The Expected Credit Loss Computation example also shows how to compute the ECL per scenario and how to compute the final lifetime ECL for a given loan.

ECL per scenario

For more information on preparing the data for prediction (including joining loan data projections and macro forecasts) and the additional parameters and computations necessary for the estimation of the lifetime ECL, see Expected Credit Loss Computation and portfolioECL.

Lifetime Credit Analysis Compared to Stress Testing

You can also use the lifetime PD models for stress testing analysis. However, lifetime credit analysis and stress testing have several differences that the following table summarizes.

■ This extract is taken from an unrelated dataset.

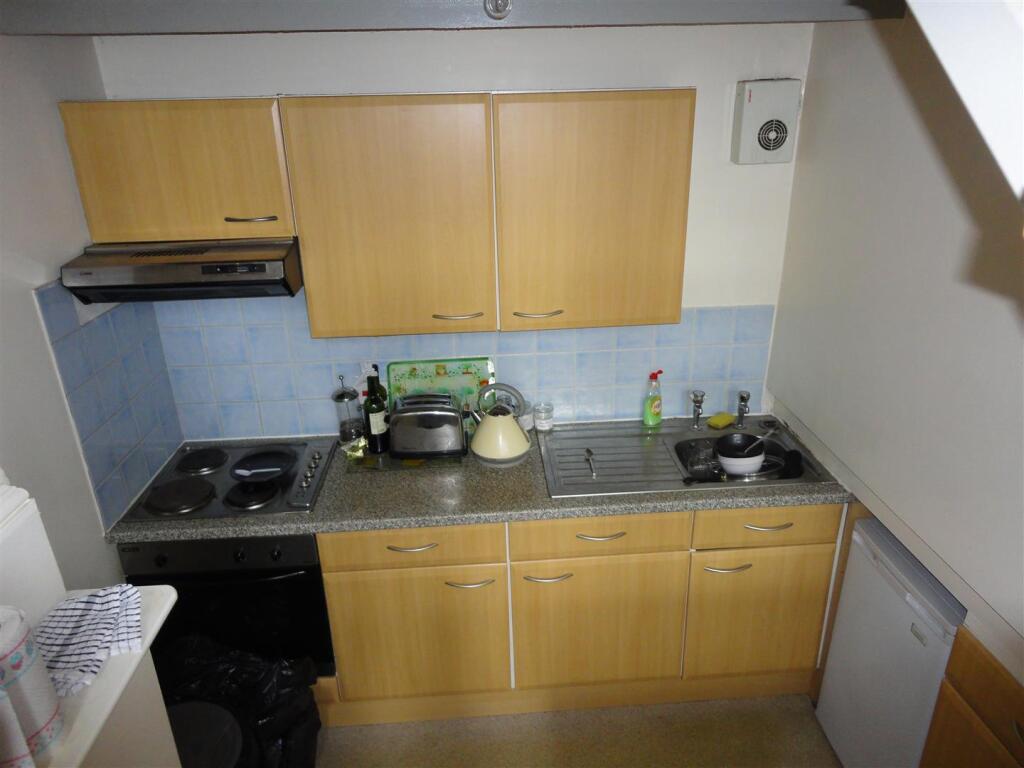 Apartment in Leeds - View 3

Stress Testing	Lifetime Credit Analysis
Focus on negative, pessimistic scenarios	Must consider a range of scenarios, including pessimistic, neutral, and optimistic ones
Models are often biased, calibrated to produce more conservative results	Models are expected to be unbiased
Spans a few quarters ahead	Can span many years ahead
Macroeconomic forecasts for stress testing go a few quarters into the future	Macro scenarios reach far into the future and are typically expected to revert to some baseline level after a few quarters

The types of models used for both of these analyses are very similar. You can use lifetime PD models for stress testing analysis with some additional considerations to account for the differences listed in the previous table.

References

[1] Baesens, Bart, Daniel Roesch, and Harald Scheule. Credit Risk Analytics: Measurement Techniques, Applications, and Examples in SAS. Wiley, 2016.

[2] Bellini, Tiziano. IFRS 9 and CECL Credit Risk Modelling and Validation: A Practical Guide with Examples Worked in R and SAS. San Diego, CA: Elsevier, 2019.

[3] Breeden, Joseph. Living with CECL: The Modeling Dictionary. Santa Fe, NM: Prescient Models LLC, 2018.